DIRECTIONS FOR THIS TASK: Omit the pictures. Print each entry below exactly.

[Scraped caption text data]
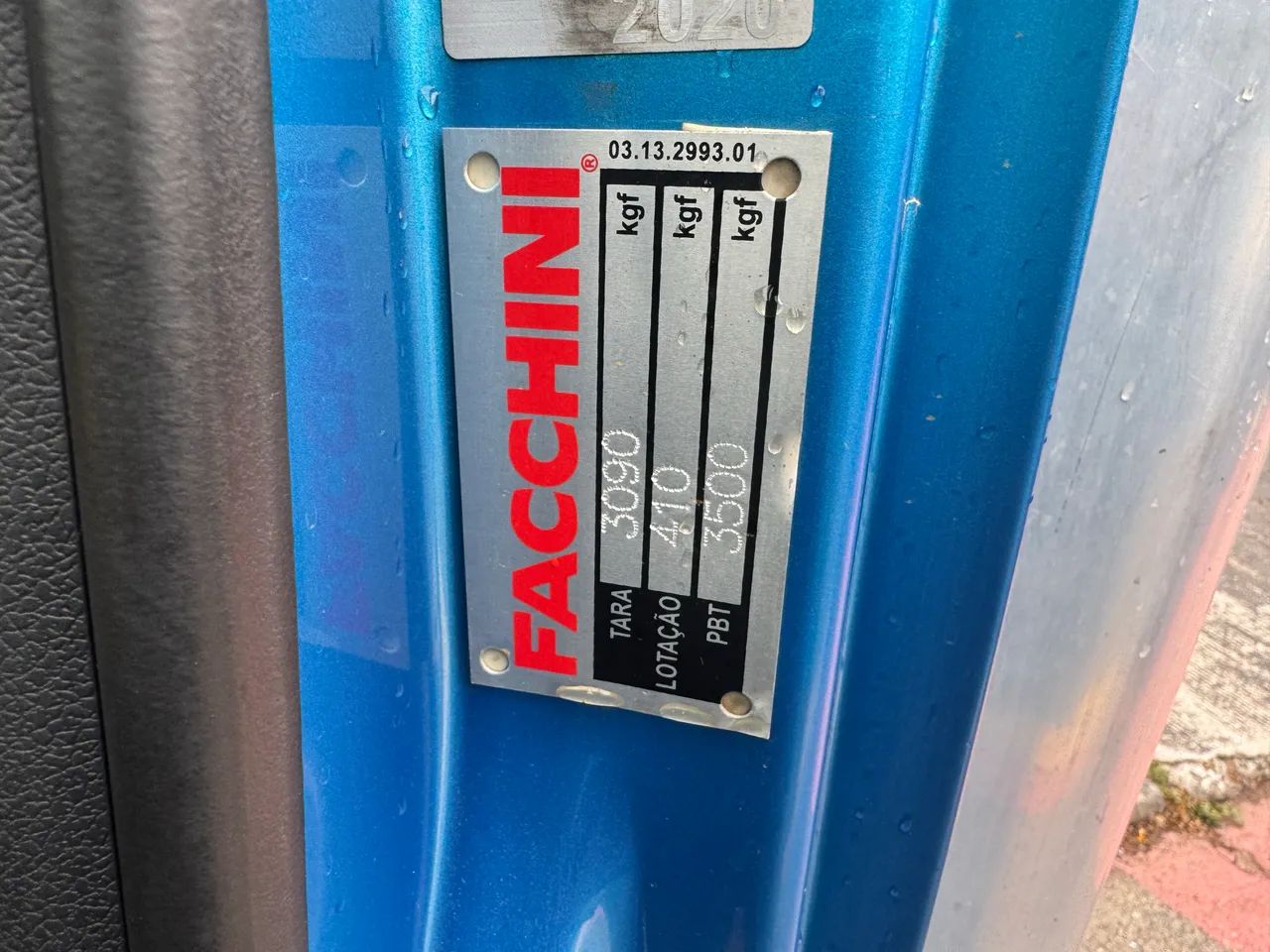 Iveco Daily 35-150 2020 Edição ilimitada  - Foto 5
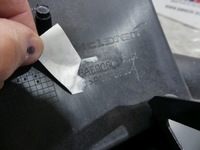 фото thumb №6, Mclaren artura канал повітря впуск правий 16af704cp / 6ae905cp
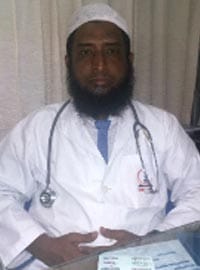 Dr. Kamruzzaman Md. Zahir - Asthma, Chest Medicine & Respiratory Medicine Specialist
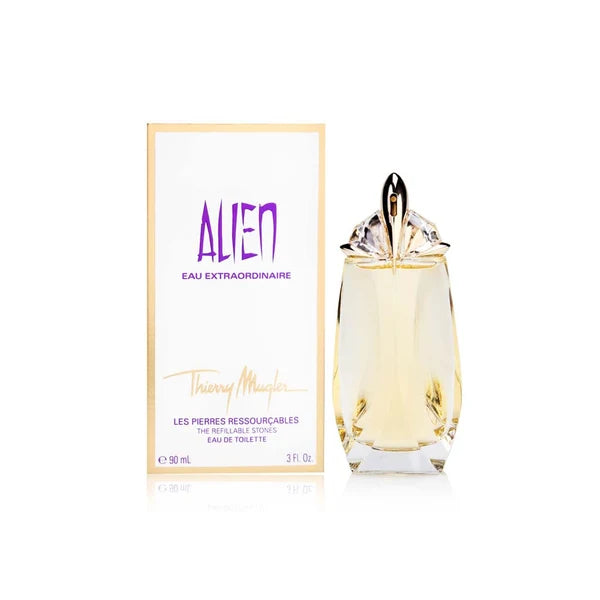 THIERRY MUGLER ALIEN EAU EXTRAORDINAIRE FOR WOMEN EDT 90ML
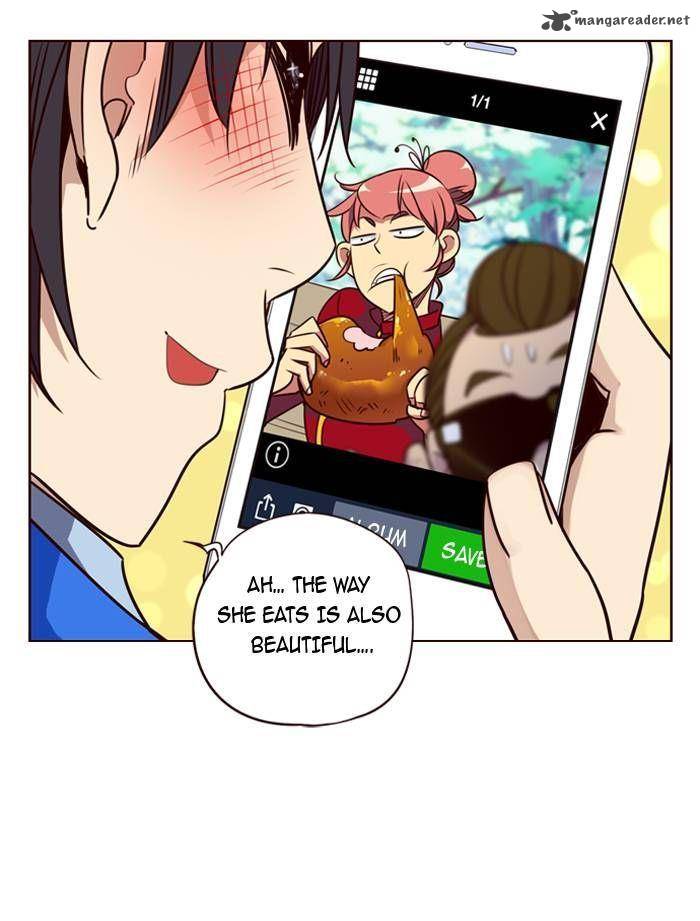 GIRLS OF THE WILD’S Chapter 147 - Page 15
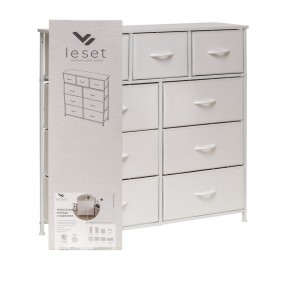 Комод Leset Линкс 9 ящиков (к/з) в Югорске - yugorsk.mebel24.online | фото 13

OUTPUT FOR THIS TASK:
 Iveco Daily 35-150 2020 Edição ilimitada  - Foto 5
 фото thumb №6, Mclaren artura канал повітря впуск правий 16af704cp / 6ae905cp
 Dr. Kamruzzaman Md. Zahir - Asthma, Chest Medicine & Respiratory Medicine Specialist
 THIERRY MUGLER ALIEN EAU EXTRAORDINAIRE FOR WOMEN EDT 90ML
 GIRLS OF THE WILD’S Chapter 147 - Page 15
 Комод Leset Линкс 9 ящиков (к/з) в Югорске - yugorsk.mebel24.online | фото 13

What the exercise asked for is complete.